When children engage in free, imaginative play, their brains are extraordinarily active. The prefrontal cortex — the region responsible for planning, decision-making, and social behaviour — develops rapidly during play scenarios. Children who play cooperatively with others practise reading facial expressions, regulating their emotions, and negotiating — skills that no worksheet can teach.

Researchers at the University of Cambridge found that children who had more unstructured play time in their early years showed significantly better self-regulation by age seven. Self-regulation — the ability to manage impulses, focus attention, and persist through difficulty — is one of the strongest predictors of academic and life success, outperforming IQ in many long-term studies.

Not all play is created equal

There’s an important distinction between passive entertainment and active, engaged play.

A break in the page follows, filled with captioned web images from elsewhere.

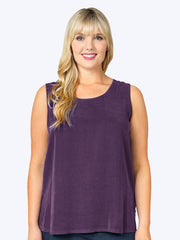 Tianello Plus Sized TENCEL™ Long Tank-Purple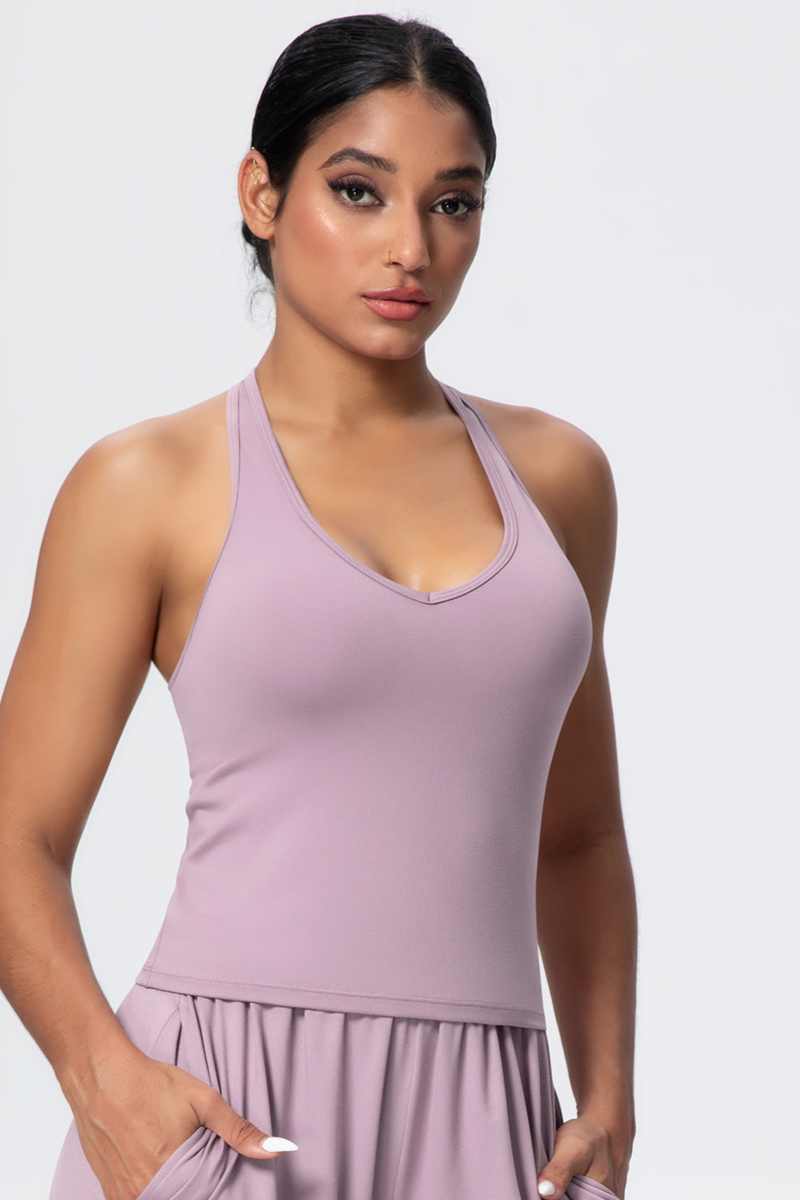 Women’s Brushed-Fabric V-Neck Halter Spaghetti-Strap Open-Back Sports Tank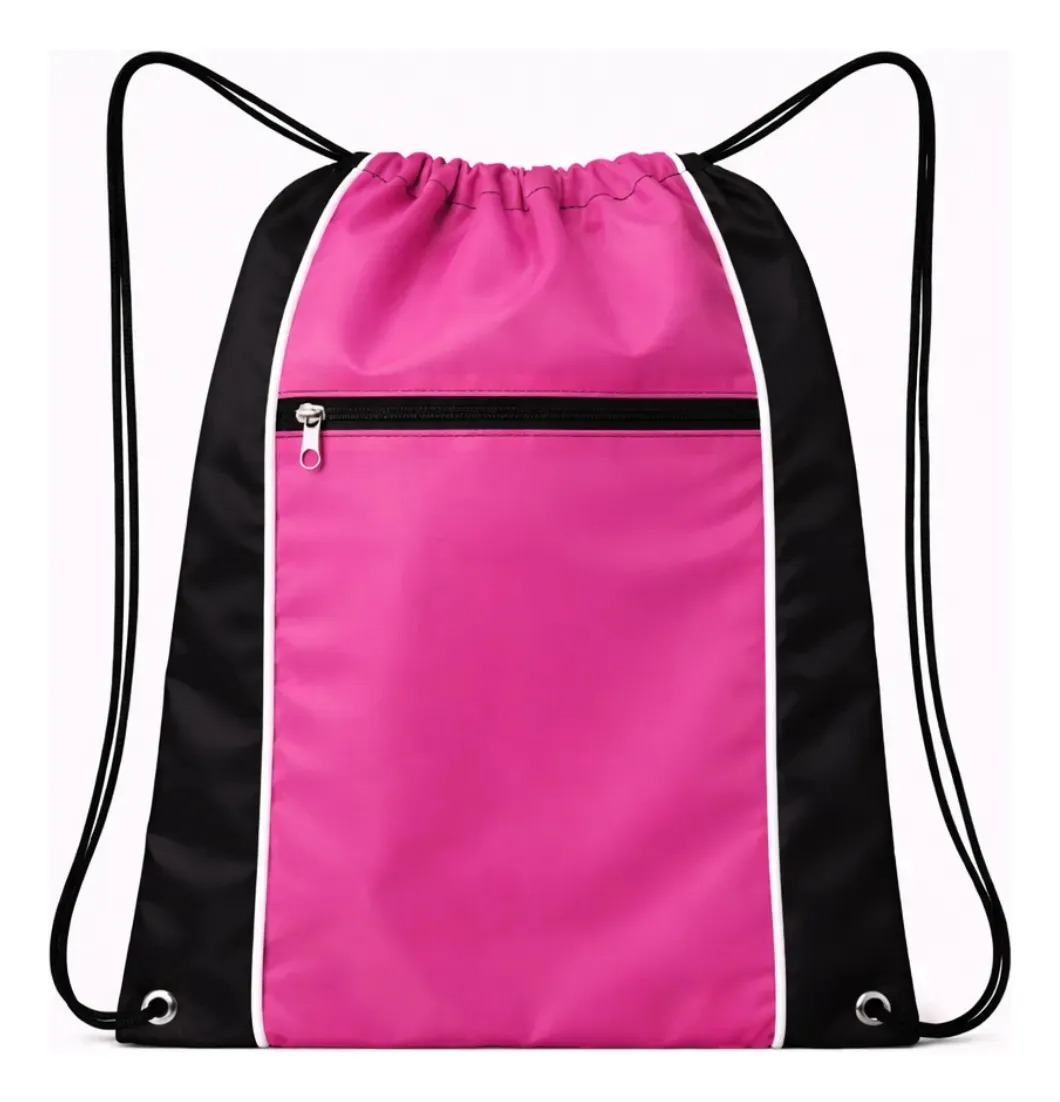 Mochila Saco Fanza Moda e Acessórios Academia Esporte Rosa Liso Nylon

Screen time that requires a child to only watch and react is fundamentally different from building with blocks, enacting a story with friends, or exploring a garden with a magnifying glass. The most developmental form of play is self-directed and imaginative — where the child is the author, not just the audience.

At Tykes, our classrooms are designed around the idea that the best learning environments feel a little like a very well-curated playground — full of invitation, wonder, and just enough structure to let children feel safe enough to take risks.

How parents can nurture play at home

You don’t need special equipment or elaborate setups. Some of the richest play happens with the most ordinary materials. A bowl of water and some cups. A pile of leaves. A handful of different-sized boxes. The key is to resist the urge to direct. When a child is deep in imaginative play, your job as the adult is simply to protect the time and space — and occasionally, to be invited in.

Ask open questions: “What’s happening in your city?” “What does your character need next?” rather than “What are you making?” The first two extend the child’s own narrative; the last one redirects it to yours.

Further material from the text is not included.